Research tools for collaboration

An article in CIT that discusses the online tools for research collaboration says, "Faculty who find themselves outgrowing the ‘external links’ page on Blackboard, or constantly emailing new websites and/or web articles to your students, might want to take a look at two technologies created specifically for gathering and sharing web resources: Google Reader and Diigo."

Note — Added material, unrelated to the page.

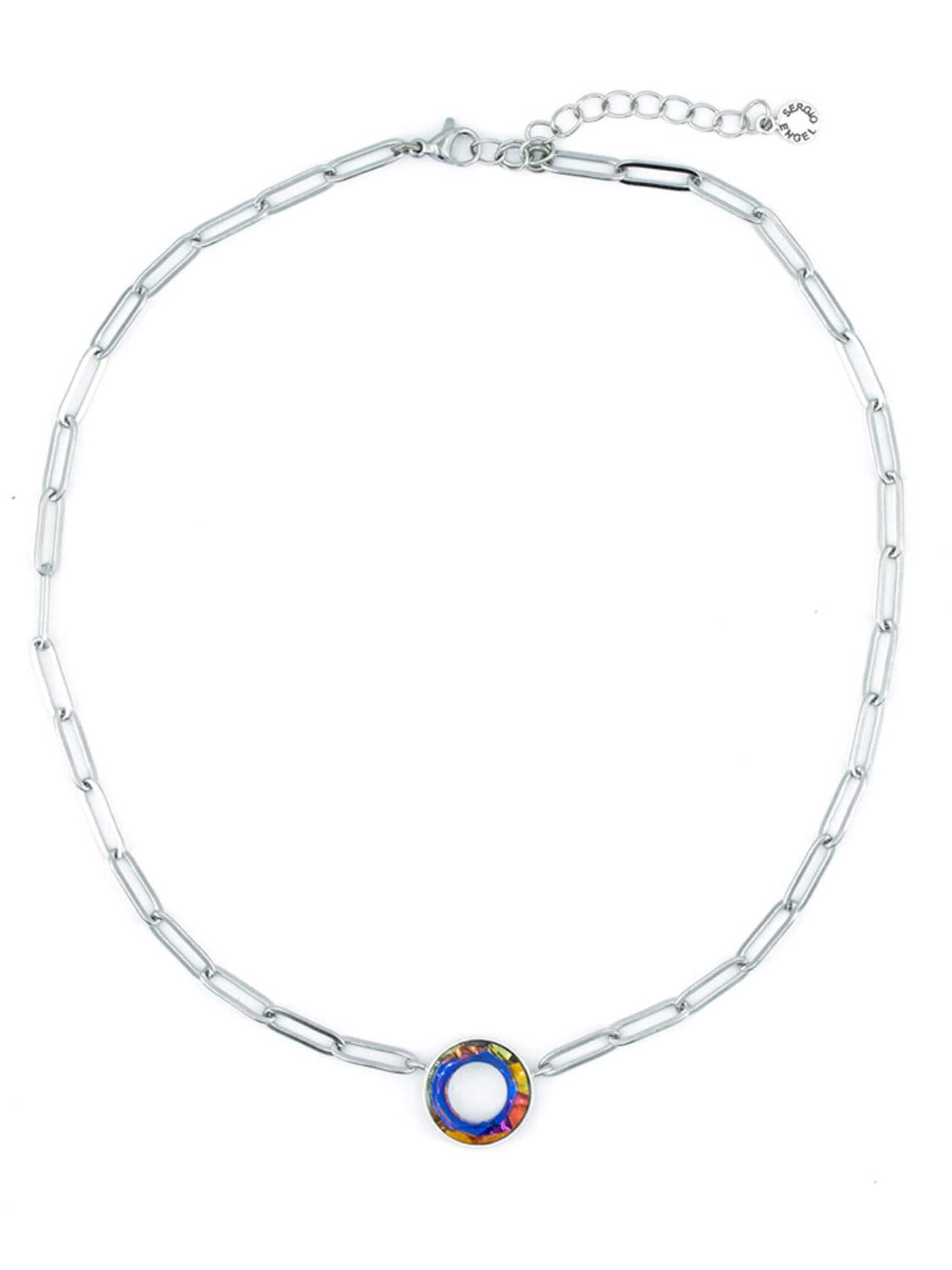 Sergio Engel Necklace 'Cosmic Kette 04 Elegante Edelstahlkette mit Cosmic-Kristall-Anhänger' in 37- 41 in Mandarine, Item view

However, my experience has been very different. I often use google reader but that is for updates on news and blogs and not for scientific collaboration. I had used Zotero extensively, especially because it can be used as a plug-in in Firefox and it can automatically save the full reference information for the item in the correct fields. Zotero stores the author, title, and other metadata in a publication and I can export it as a formatted reference elsewhere. However, Zotero stores the information on the local computer. Because I use search engines for searching scientific literature extensively from home as well as at work, I had difficulty combining the two.

Then came 2collab, developed by Elsevier. I was involved in it from the initial stages and got it for the IISc library as a developing partner with Elsevier. Unlike Zotero, the bookmarks are stored on the server, which I can access from anywhere. I can now store, categorize, manage and share the bookmarks. I can import bookmarks from Firefox or from any other bookmarking sites like delicious and connotea. More importantly, I do most of my searches from Scopus and I can directly bookmark these. I can export these references in the format I need. I also send or share these bookmarks to various research groups.

I am aware that the number of databases available with 2collab is much smaller (at least for the moment) than that available for its competitor, CiteULike, but because I use scopus extensively, it suits me. Your mileage may vary.

However, for collecting reference data and generating formatted references in a wide variety of styles and putting it in Word etc, I used a free software called Biblioexpress.

1 comment:

Balaji Ramasubramanian said...

Have you tried Mendeley Desktop? You can extract metadata (title, author, journal name etc.) from PDF files of the papers using Mendeley Desktop. I tried this software. But trust me, the only good thing I found in it was metadata extraction for the huge collection of PDF papers that I have. It does about 70-80% of the job well enough. Some papers are hard to extract, especially if you download from But most others were fine. If it is from a well-known journal it is easier for the software to extract metadata.

In addition, Mendeley offers other things such as sharing the database etc. I don't quite like Mendeley's own database. I'd rather that they directly save it in BibTeX format or as EndNote for the MS Office users. I really prefer JabRef or some such native Linux tool for BibTeX. Please do tell me if you think you have a better tool. I have not as yet tried Zotero. Perhaps I should.